Data to use:
_ _ _ _
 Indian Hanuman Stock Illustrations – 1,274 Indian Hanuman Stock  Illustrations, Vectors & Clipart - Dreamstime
_ _ _ _
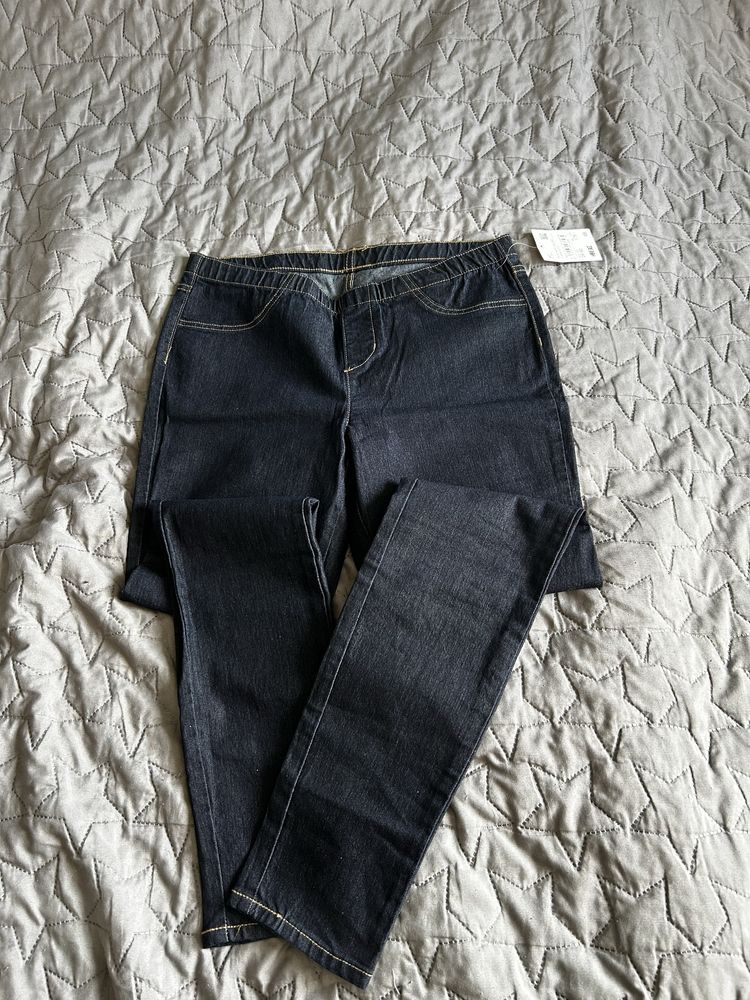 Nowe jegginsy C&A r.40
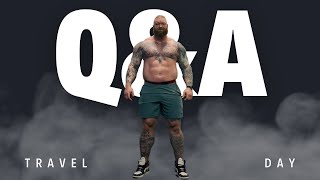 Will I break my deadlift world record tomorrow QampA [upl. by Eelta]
_ _ _ _
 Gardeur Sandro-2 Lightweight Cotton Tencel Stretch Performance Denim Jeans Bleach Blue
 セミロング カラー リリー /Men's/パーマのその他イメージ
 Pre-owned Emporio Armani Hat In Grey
_ _ _ _
Problem requirements:
Above are the records; from them, give again exactly the lines from the one containing "Gardeur Sandro-2 Lightweight" through the one containing "Pre-owned Emporio Armani Hat In Grey", both included.

Task output:
 Gardeur Sandro-2 Lightweight Cotton Tencel Stretch Performance Denim Jeans Bleach Blue
 セミロング カラー リリー /Men's/パーマのその他イメージ
 Pre-owned Emporio Armani Hat In Grey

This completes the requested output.